Some streaming platforms have run ads for years; Hulu has had ads since 2007, adding a commercial-free tier in 2015. The company, which Disney owns, reaches nearly half of all connected television households in the United States, Comscore found last year.

“The streaming services that are essential are on a very short list, and those that are essential and ad-supported — even shorter,” said Josh Mattison, vice president of business operations for Disney Advertising. “You do have some pretty rarefied air at the top.”

For years, brands have wanted to advertise on platforms like Netflix. Instead, Madison Avenue often settled for product placement and the occasional brand partnership. But with Netflix’s growth slowing, many people inside the streaming industry say the company’s turn to advertising seems inevitable.

“I suspect the religion that they currently have about not having ads will change in time,” said Jason Kilar, a former chief executive of WarnerMedia, on the podcast “The Town” this month. “I say that because offering consumers lower prices is a really, really good strategy.”

The idea of ads breaking up “Bridgerton” or “Severance” may be anathema to some viewers, but it is thrilling to many advertisers.

Andrew Essex, a longtime advertising executive who runs the consulting firm GoingConcern, said the “streaming industry is maturing, becoming much more realpolitik, where they’re saying to hell with the user experience — we need revenue, we will explore additional forms of monetization.’

“It’s basically game on,” he added.

Many companies are trying to expand their reach beyond traditional television, where a shrinking number of must-watch events are drawing softer ratings and an aging audience.

The financial implications mean that the presence of streaming commercials is “fantastic news for anyone in advertising, and ultimately, fantastic news for the U.S. consumer, who cannot sustain 15 paid subscriptions,” said Kelly Metz, the managing director of advanced TV activation at the Omnicom Media Group.
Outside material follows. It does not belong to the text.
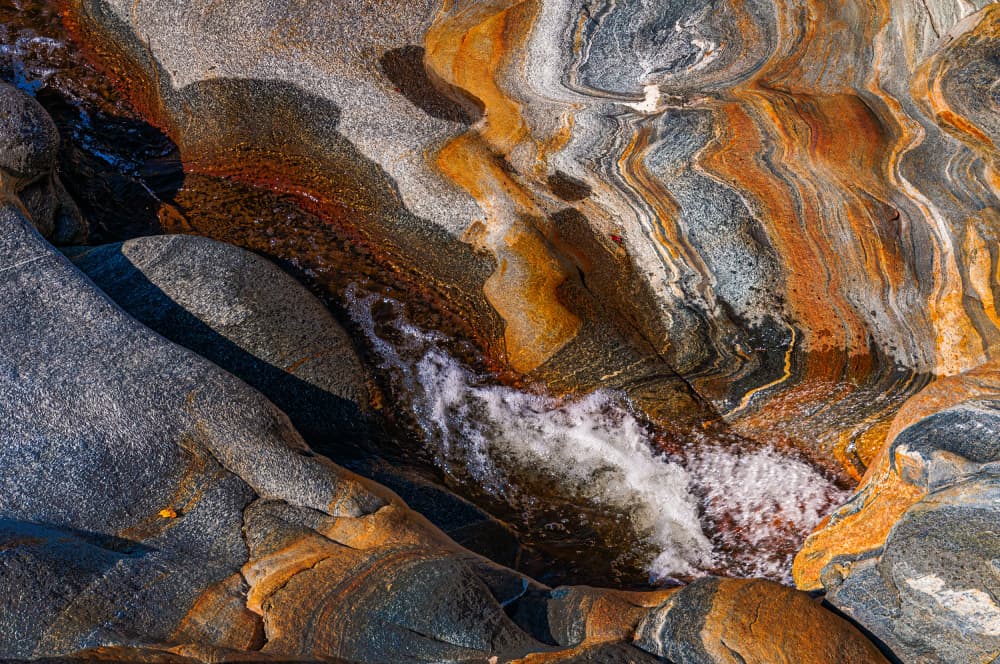 Vibrant Rock Stream by Andrew Beavis — canvas wall art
“They need advertising-supported models so that they can balance their bank accounts at the end of the month,” she said. “There’s a ceiling on what the U.S. consumer can practically afford, just like what we saw back in the day with cable television.”

As more of the services have added commercials, they have become a playground for experimentation with ad formats. In some cases, ads appear based on whether viewers are bingeing or pausing shows. Hulu asks viewers whether they are willing to watch longer ads earlier in their viewing session in exchange for fewer ads later, or whether they are open to sequential messaging across multiple ad breaks. The company is looking into interactive trivia-type ads to run during movies.

Peacock worked with several major companies to promote its “Fresh Prince” adaptation, “Bel-Air,” which had its premiere in February. State Farm and Unilever created custom commercials that featured Jabari Banks, the star of the show, and aired across NBCUniversal’s digital and linear channels.

With so many streaming options to choose from, advertisers must play “a game of mindshare and saliency,” fighting to capture viewers’ attention, said Juliana Wurzburger, the senior director of paid media of Anheuser-Busch InBev. This season, roughly 30 percent of the company’s video spending was in streaming.

“We are absolutely trying to increase that year over year, trying to follow where the consumer is,” she said.